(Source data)

* * *

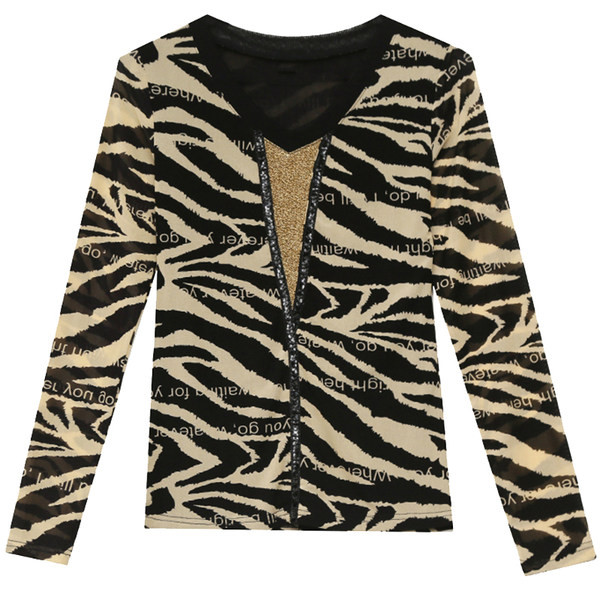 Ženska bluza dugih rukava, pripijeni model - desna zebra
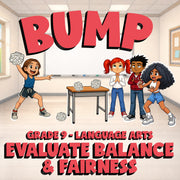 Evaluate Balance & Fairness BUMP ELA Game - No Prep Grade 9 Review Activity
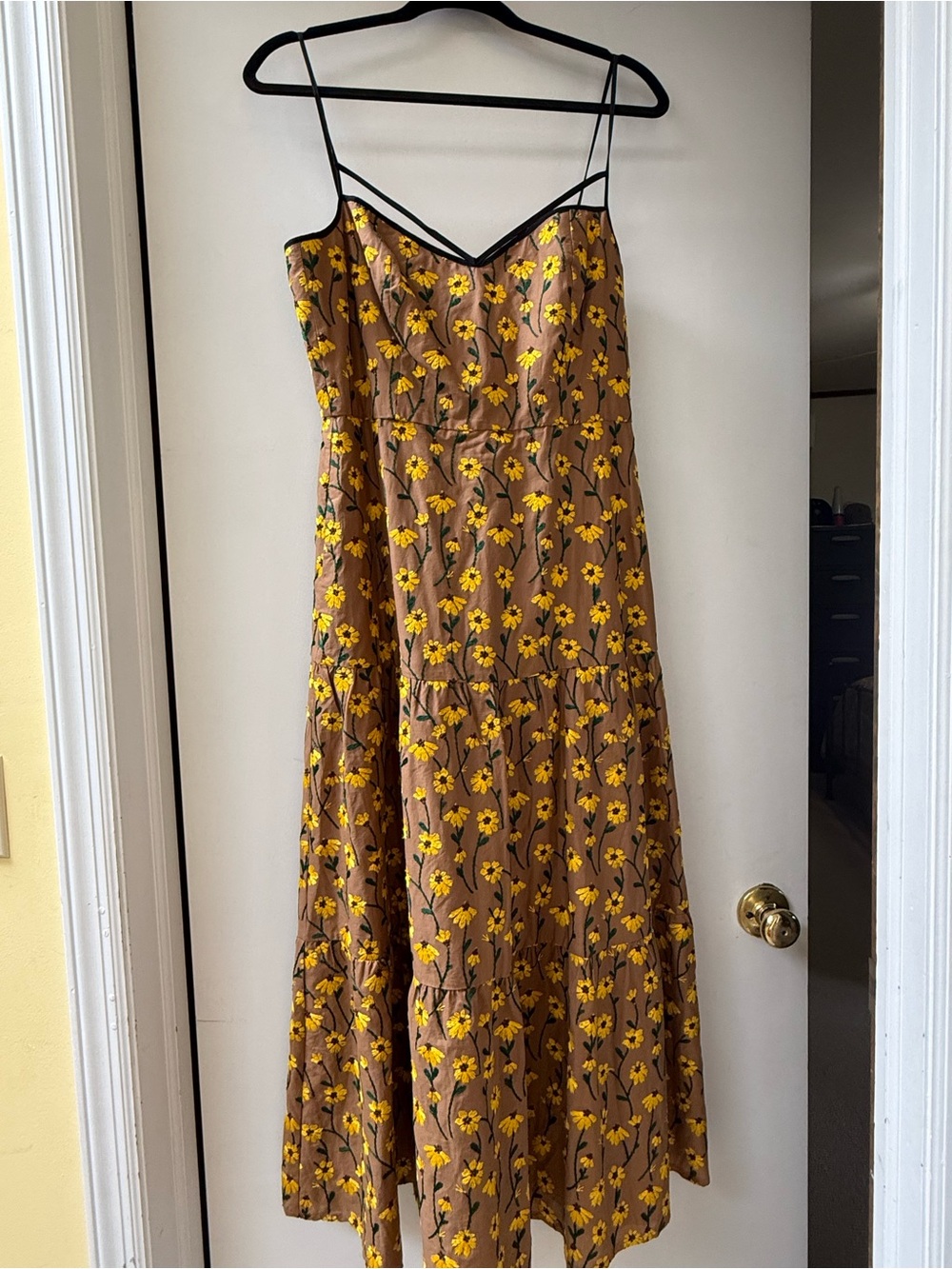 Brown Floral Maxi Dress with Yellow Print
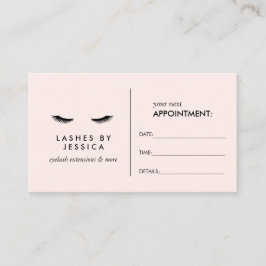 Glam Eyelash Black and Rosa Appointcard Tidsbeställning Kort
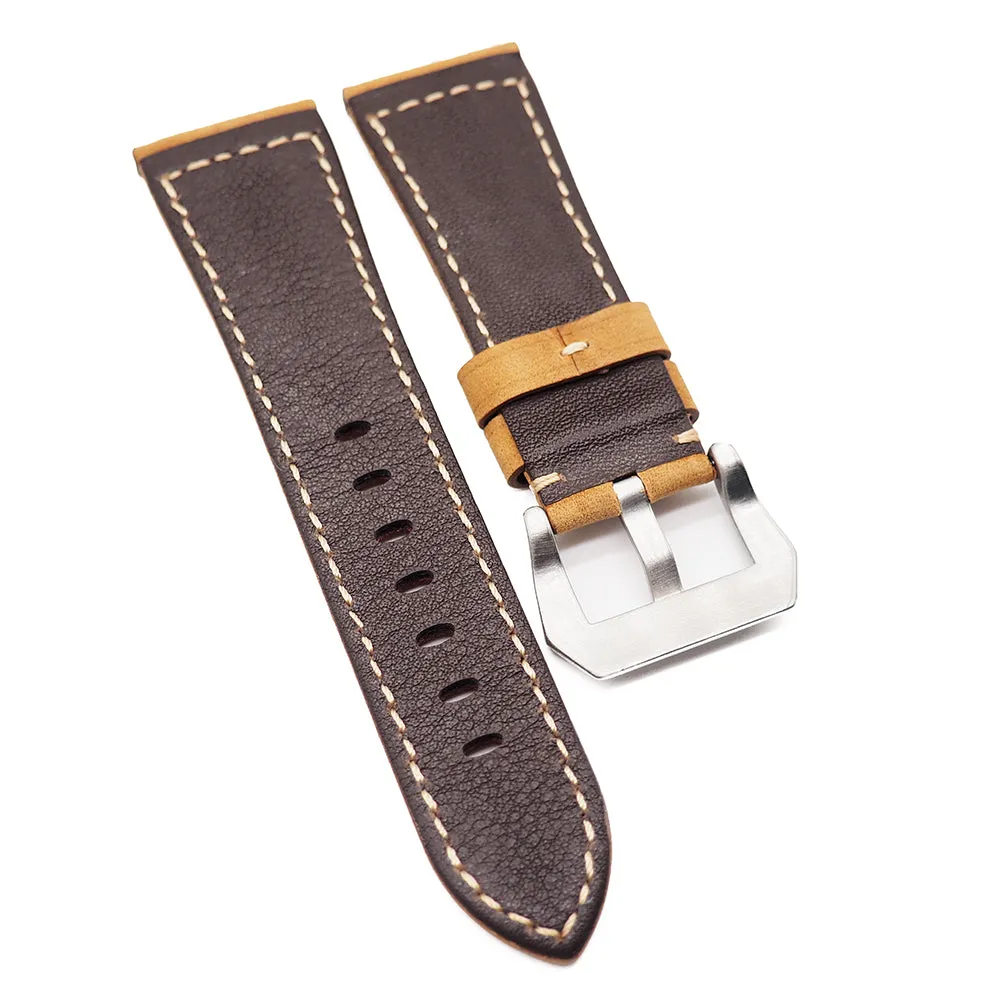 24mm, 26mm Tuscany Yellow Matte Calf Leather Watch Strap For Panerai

* * *

== PROBLEM TO WORK ON ==
Set down word for word every line from the one containing "Brown Floral Maxi Dress with Yellow Print" through the last line of the records above, both ends included. Leave out the pictures.

== YOUR RESPONSE ==
 Brown Floral Maxi Dress with Yellow Print
 Glam Eyelash Black and Rosa Appointcard Tidsbeställning Kort
 24mm, 26mm Tuscany Yellow Matte Calf Leather Watch Strap For Panerai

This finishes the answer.